It was tough shooting today. When I laid down with the short bipod the 100 yard target disappear in the blowing snow. I still had some slight pressure with one round loaded with 50.4 gr. Maybe I will have to back off to 50.2 gr. I think that would be around 2950 fps. I'll chronograph it tomorrow. My target was 2900 fps so anything over that is gravy to me.


----------



## Plainsman (Jul 30, 2003)

knutson24, well one thing I have found is you can move the SGK, and SMK back and fourth from the lands and still have good accuracy. The Berger VLD are more picky. Yesterday I shot 50.2 gr of R17. My velocity was 2970. I loaded three .002 from the lands, three .004 from the lands, three .008 from the lands and three .012 from the lands. The group .002 from the lands I didn't even shoot. I started furthest from the lands in the event pressure built as I approached the lands. The .004 grouped approximately 1.50 inches, and the .012 grouped .75 inches. The .008 grouped .23 inch. Velocity was about the same on all of them.

I expected less pressure with the bullet further from the lands, and more pressure closer to the lands. There was no perceptible pressure difference in .008 and .012, but at .004 pressure did start to rise, and noticeably. In the Cooper I notice any pressure at all very quick. The ejector has a very weak spring. I guess that's so your brass falls in a nice little pile right next to the action. Anyway, what I see as a first sign of pressure is not a shiny spot from the ejector, but an impression from the bolt ejector hole. I have not loaded hot enough to see any primer cratering, but at the top end I did see the base of the brass show some shine, and sticky extraction.

I think I have settled on that load of 50.2 gr of R17, and .008 back from the lands. I worried about the 50.4 being a little hot when shot in 90 degree weather.


----------



## knutson24 (Feb 16, 2009)

Plainsman, you sir are a braver soul than I. Its way to cold to be laying out in the snow and shoot groups. However I did use the time I've spent in the house to load up some rounds. I ordered some Nosler brass from midway and was really impressed with the nosler brass. It came chamfered with primer holes drilled not punched and all peices where within + or - .5gns of the thier average weight. I loaded up 5rds each using R17 starting at 48gn and working my way up to 51gn in 1gn increments for a total of 20rds with the 142 SMK's seated .002 into the lands. Also did 15rd of 140gn SST's at 47gn seated .010 out of the lands to use to get on paper being I just got the scope remounted on a 20moa single piece base. I read an article sometime back can't rember the site at this time, bu tit recommended loading into the lands to find your max/accurate load and then adjust your seating depth to improve the accuracy. I guess by doing it this way since your already .002 into the lands as you work your way out and away from the lands you know you won't experience any pressure signs. Sounds logical to me hope it works.

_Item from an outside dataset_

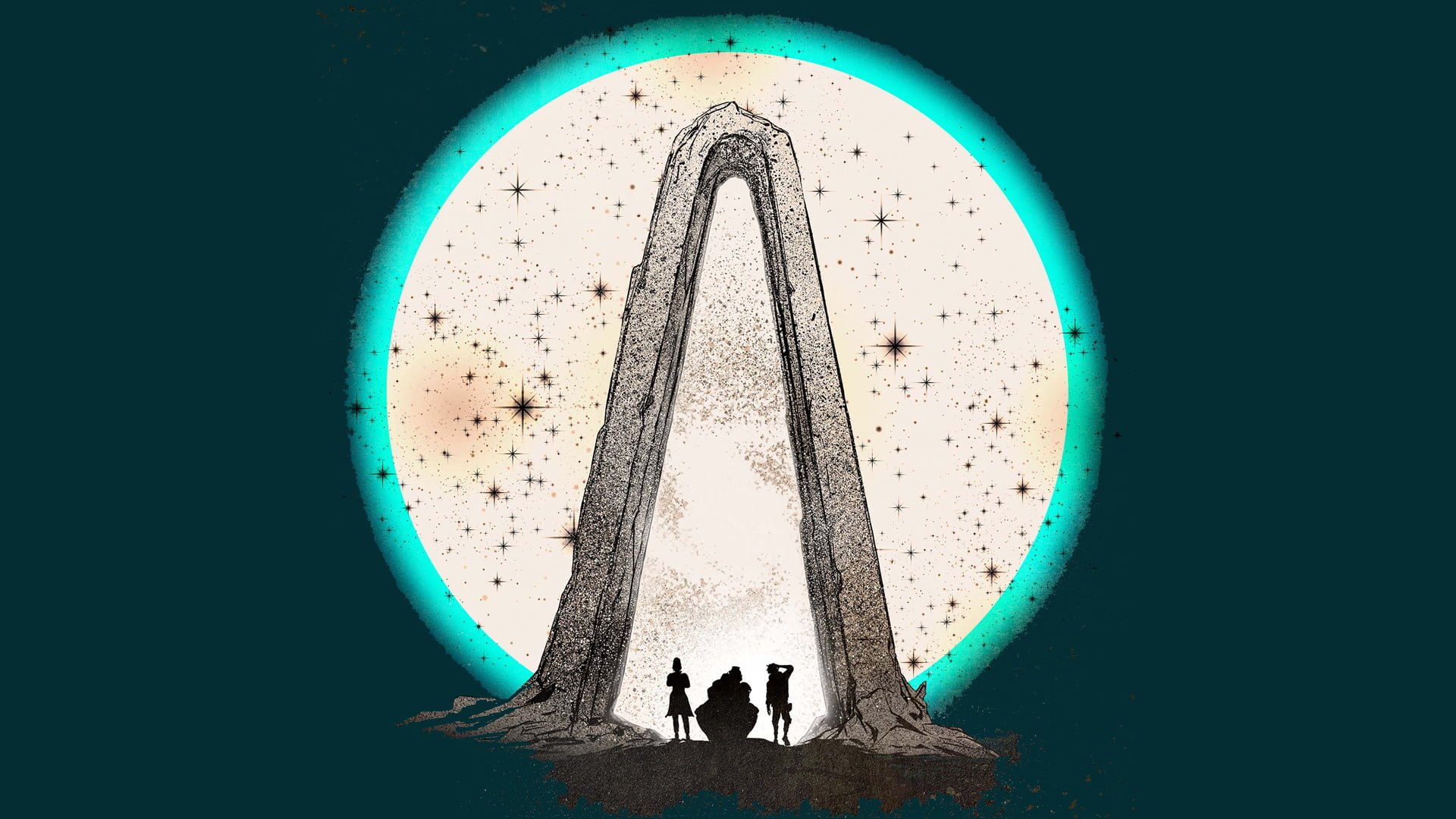 borderlads-pax-east-2022-news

On side note the SST's look really weird with thier cannelure sticking about a 1/4" out of the case.


----------



## Plainsman (Jul 30, 2003)

I read in an article somewhere recently about that guy loading into the lands. I would think that would create an awful lot of pressure. As I mentioned I am .008 from the lands with no pressure, but when I approach to .004 the pressure is noticeable. I didn't even dare shoot the .002 from the lands. The bench rest guys who shoot in the lands must have some very slow loads they are using. Wear shooting glasses and a face mask both when you touch those off. Better yet try the old muzzle loader trick. Strap your rifle to a spare tire, tie a string to the trigger, and trip it from 100 yards.


----------



## knutson24 (Feb 16, 2009)

I did some searching and found these paragraphs on one of the forms at snipershide. Pretty sure this is what I had read awhile back.

"Lastly- one final note and word of caution. Now that we know at what measurement OFF THE OGIVE our bullet -touches- the riflings, we will start our load development .010" jammed into the riflings. That is .010" LONGER than the dimension we figured up through this described process. That number was just touching the riflings. Most rifles like to be about .010" in ("Jammed") This is the OAL we will start our powder make & charge test's with. (Next chapter.)

However it is IMPERATIVE you understand the following. On occasion the rifle will prefer a different bullet/rifling relation. Perhaps it be .015" jammed, or .030" out of the rifling totally or .030" "jump." But START ALL LOAD WORK JAMMED! This is because in the next chapter we are going to learn what actual MAX load for this rifle is with a given powder and this bullet. Being jammed into the riflings increases pressure! So as long as we learn our max powder charge while jammed, we are okay. HOWEVER, if we were to (think we) learn(ed) what max charge was without our bullet jammed and then jam it into the riflings, coupled with a max powder charge in search of a most accurate bullet setting we could blow up our rifle, loose both our eyes, our hearing a good portion of our face and destroy the rifle- that is if we come out of it alive. That all sounds scary, which is a good thing."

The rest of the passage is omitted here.